Embedders#

Base Class#

class nemo_curator.image.embedders.ImageEmbedder( model_name: str, image_embedding_column: str, classifiers: Iterable[ImageClassifier], )#

An abstract base class for generating image embeddings.

Subclasses only need to define how a model is loaded and a dataset is read in from a tar file shard. This class handles distributing the tasks across workers and saving the metadata to the dataset. The embedding model must be able to fit onto a single GPU.

abstract load_dataset_shard( tar_path: str, ) → Iterable#

Loads images and metadata from a tarfile in the dataset.

Parameters:

tar_path (str) – The path to a tar file shard in the input WebDataset.

Returns:

An iterator over the dataset. Each iteration should produce: a tuple of (image, metadata) pairs. The batch of images will be passed directly to the model created by ImageEmbedder.load_embedding_model. The metadata must be a list of dictionaries. Each element of the list must correspond to the image in the batch at the same position. Each dictionary must contain a field that is the same as id_field in the dataset. This ID field in the metadata will be used to match the image to the its record in the metadata (Parquet) files.

Return type:

Iterable

abstract load_embedding_model( device: str, ) → Callable#

Loads the model used to generate image embeddings.

Parameters:

device (str) – A PyTorch device identifier that specifies what GPU to load the model on.

Returns:

A callable model, usually a torch.nn.Module.: The input to this model will be the batches of images output by the ImageEmbedder.load_dataset_shard.

Return type:

Callable

Timm#

class nemo_curator.image.embedders.TimmImageEmbedder( model_name: str, pretrained: bool = False, batch_size: int = 1, num_threads_per_worker: int = 4, image_embedding_column: str = 'image_embedding', normalize_embeddings: bool = True, classifiers: Iterable = [], autocast: bool = True, use_index_files: bool = False, )#

PyTorch Image Models (timm) is a library containing SOTA computer vision models. Many of these models are useful in generating image embeddings for modules in NeMo Curator. This module can also automatically convert the image transformations from PyTorch transformations to DALI transformations in the supported models.

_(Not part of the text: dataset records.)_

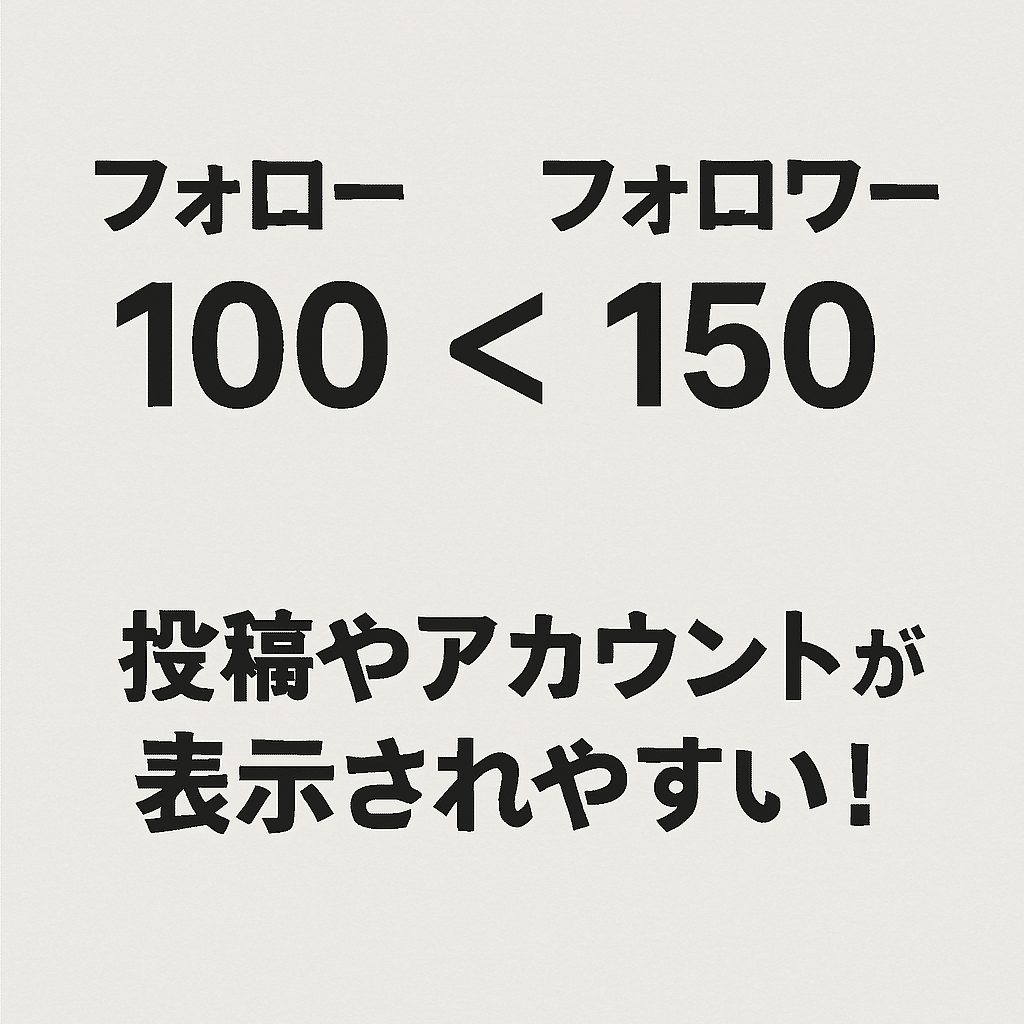 検証あり】Xでフォロワーを増やしたいあなたへ。最も効率よく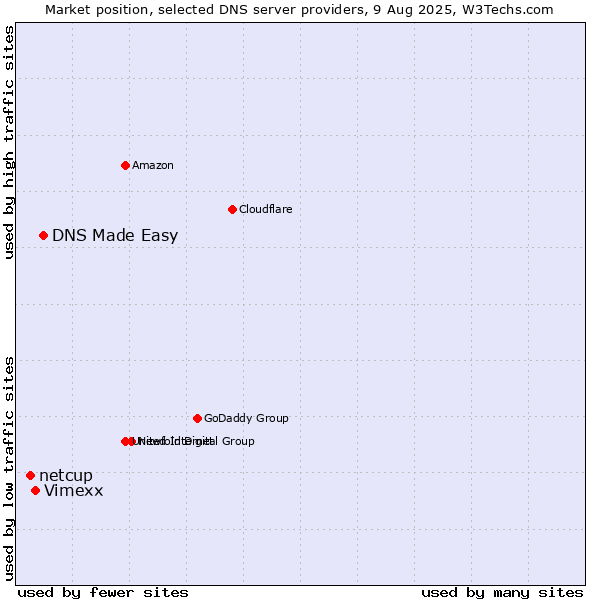 Market position of DNS Made Easy vs. Vimexx vs. netcup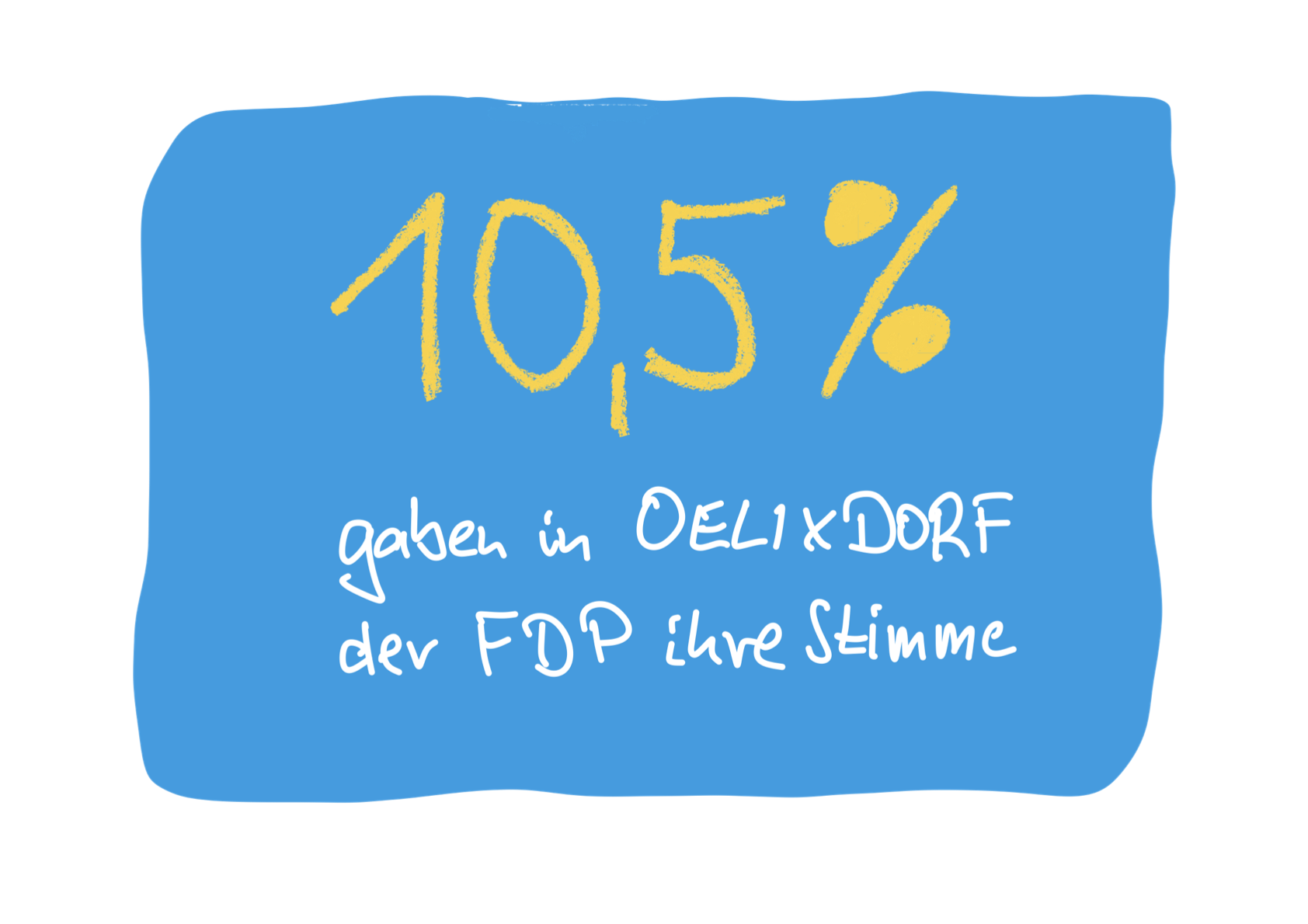 Hervorragendes Wahlergebnis in Oelixdorf für die FDP: 10.5%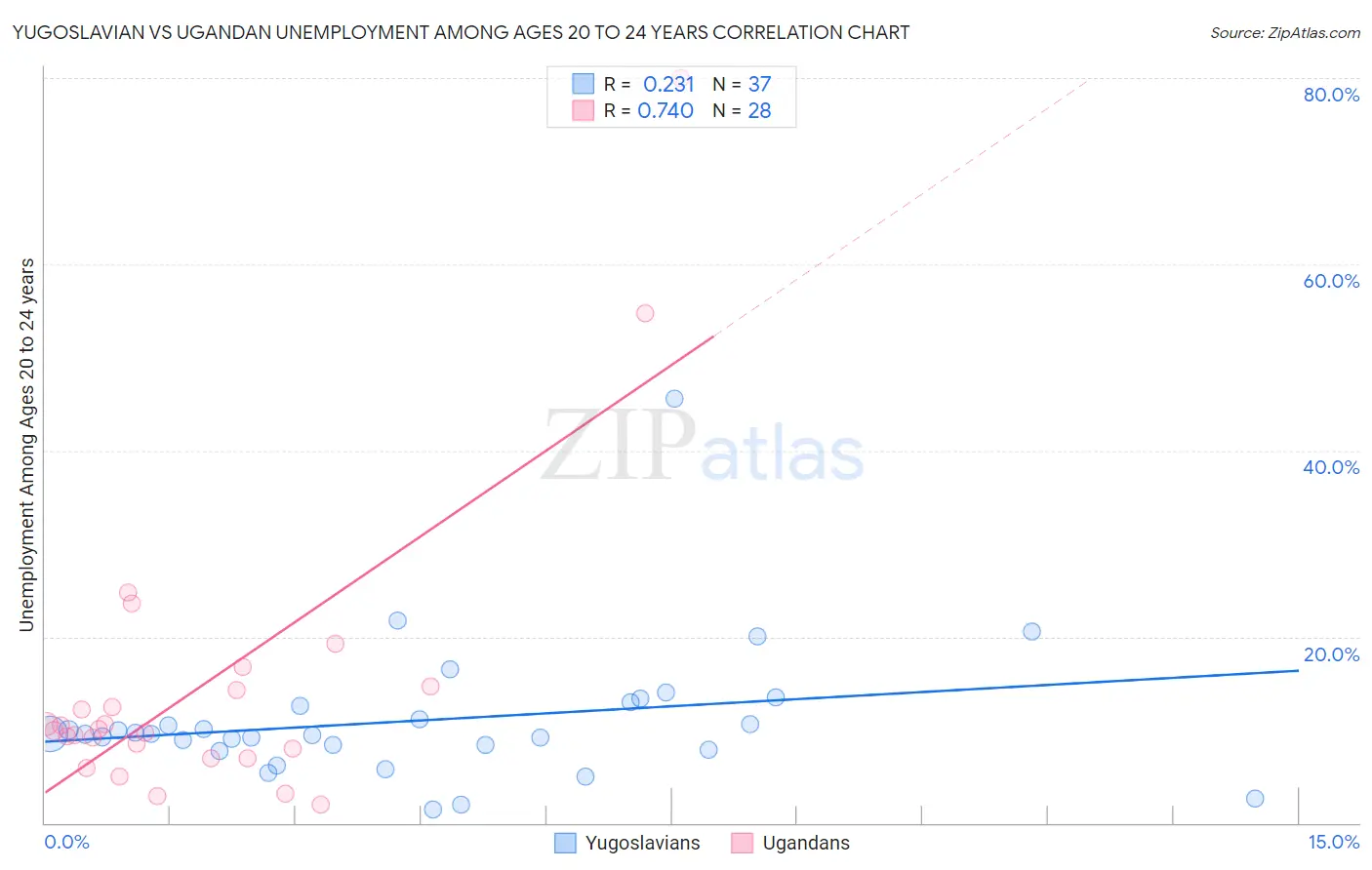 Yugoslavian vs Ugandan Unemployment Among Ages 20 to 24 years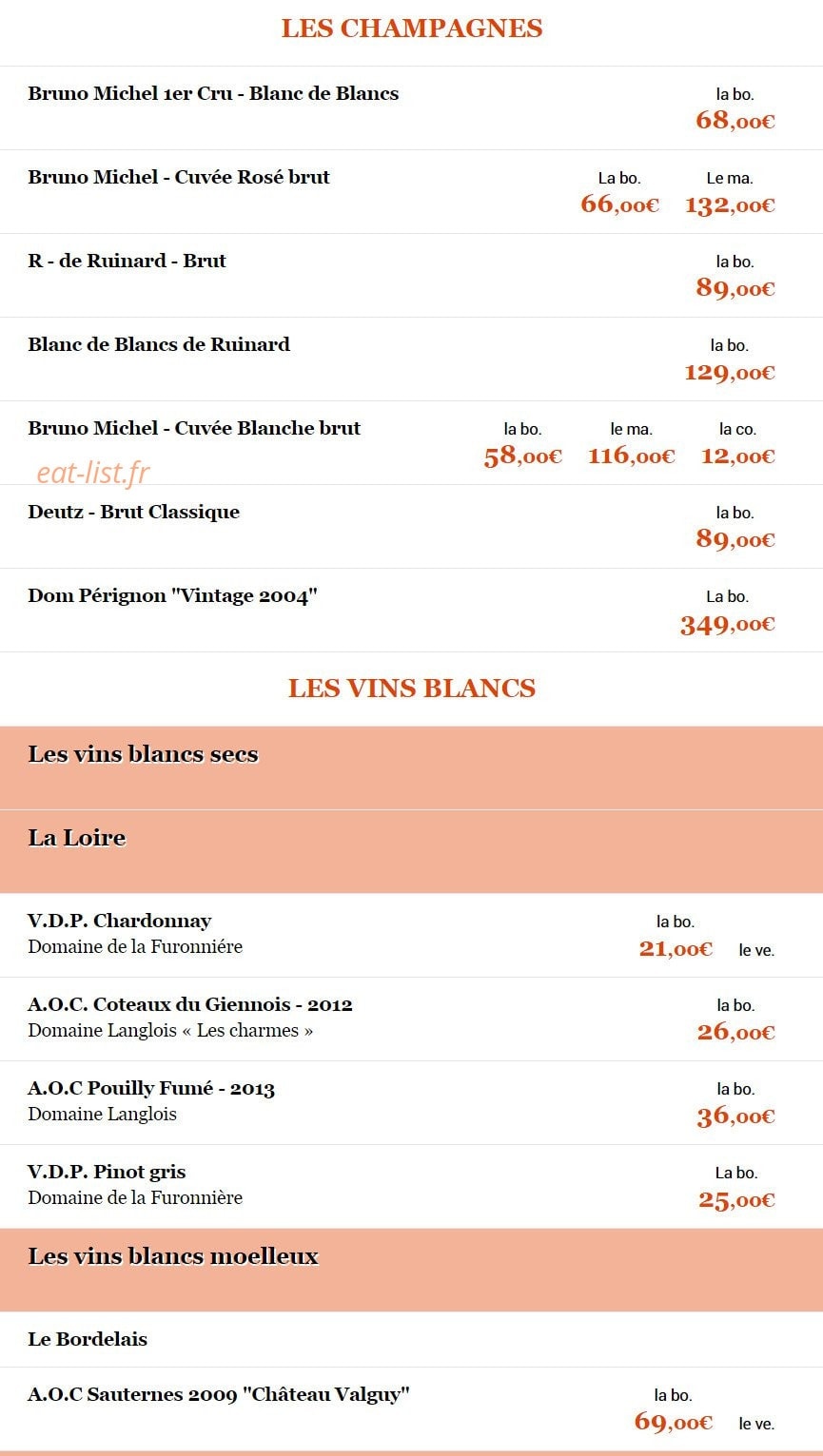 Il était une Oie dans le Sud Ouest — carte page 9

load_dataset_shard( tar_path: str, ) → Iterable#

Loads a WebDataset tar shard using DALI.

Parameters:: tar_path (str) – The path of the tar shard to load.
Returns:: An iterator over the dataset. Each tar file must have 3 files per record: a .jpg file, a .txt file, and a .json file. The .jpg file must contain the image, the .txt file must contain the associated caption, and the .json must contain the metadata for the record (including its ID). Images will be loaded using DALI.
Return type:: Iterable

load_embedding_model( device: str = 'cuda', ) → torch.nn.Module#

Loads the model used to generate image embeddings.

Parameters:

device (str) – A PyTorch device identifier that specifies what GPU to load the model on.

Returns:

A timm model loaded on the specified device.: The model’s forward call may be augmented with torch.autocast() or embedding normalization if specified in the constructor.

Return type:

Callable